People talk about privilege in terms of money, and sure, financial security makes life easier. But the real privilege? The ultimate, unshakable advantage? It’s being loved. It’s having parents who don’t see you as an inconvenience or an extension of their own unresolved baggage. It’s growing up with a built-in belief that you matter.
Loving parents don’t prevent suffering—no one can—but they absorb some of the impact. They make childhood less of a minefield and more of a proving ground. They hold the map while you wander. And, in a cosmic act of generosity, they love you so fiercely that even after they’re gone, even after they leave this world and you have to navigate it without them, the echo of their love still makes you feel safe.
That’s the paradox of good parents: they make themselves indispensable, and then, if they’ve done their job right, they make it so you don’t need them anymore. They raise you to stand on your own, but the trade-off is that you never stop missing them.

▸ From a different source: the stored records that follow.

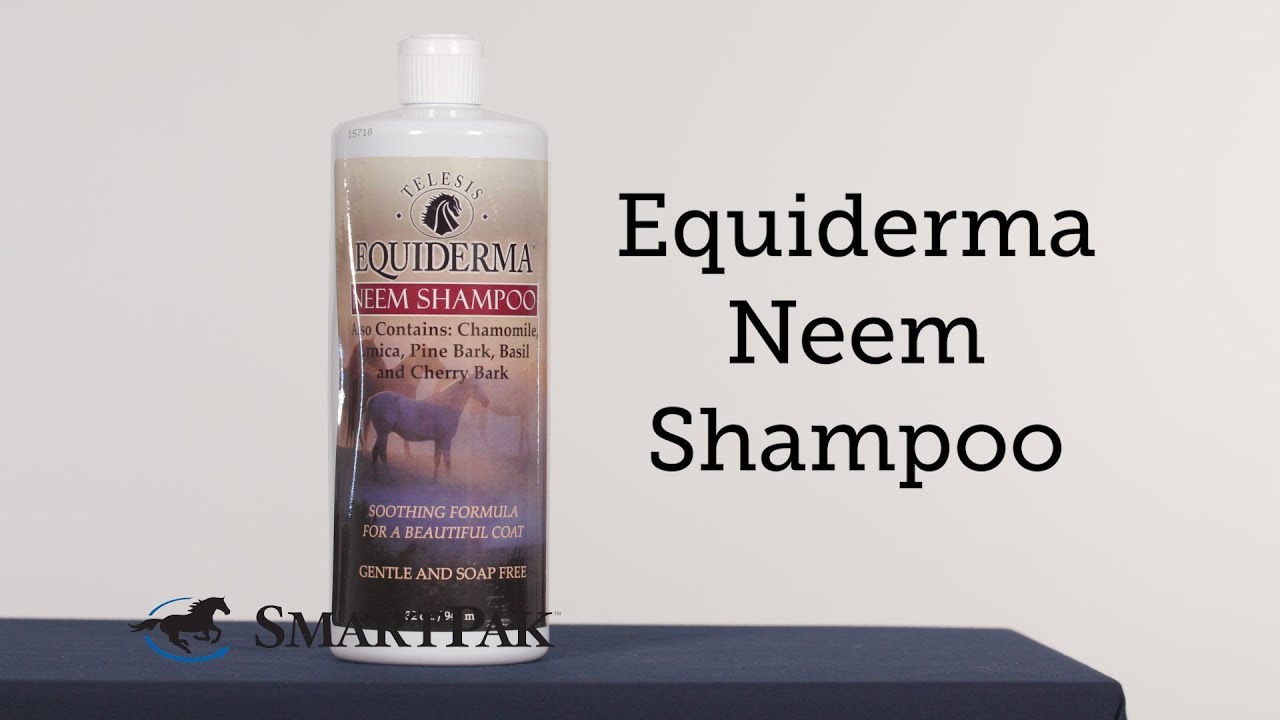 Equiderma Neem Shampoo Review YouTube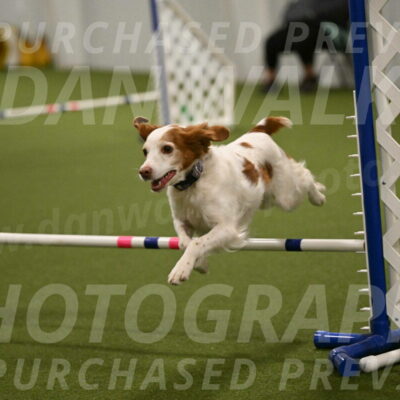 Ana-Jamie-Thompson-09008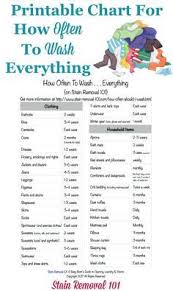 How Often Should I Wash Everything Printable Chart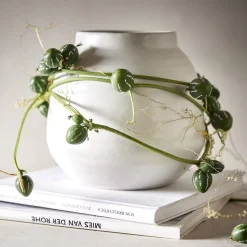 Butlers FINJA Blumentopf Vase- Blumentöpfe & Übertöpfe
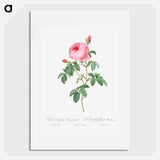 Burgundy Cabbage Rose, the Hundred-Leaves of Bordeaux - ピエール ジョゼフ ルドゥーテ Poster.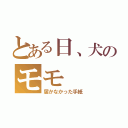 とある日、犬のモモ（届かなかった手紙）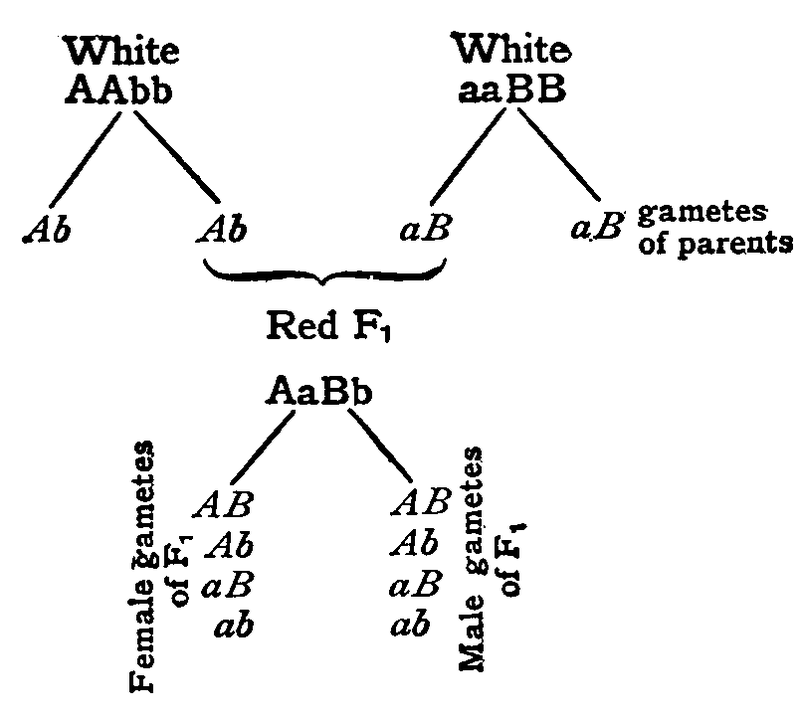 Factors in red and white sweet peas.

Because that’s the thing no one talks about: the better the parents, the greater the grief. The downside of being raised by people who made you feel protected and whole is that, one day, you’ll have to learn how to exist without them. That’s the cost of being loved well. That’s the price of never having to wonder.
But it’s a trade-off worth making. Because for all the ways the world is chaotic and unpredictable, for all the ways people struggle to find their place, there are some who walk through life with an invisible tether—a connection that can’t be severed by time or distance or death itself.
And that? That is what it’s like to have loving parents.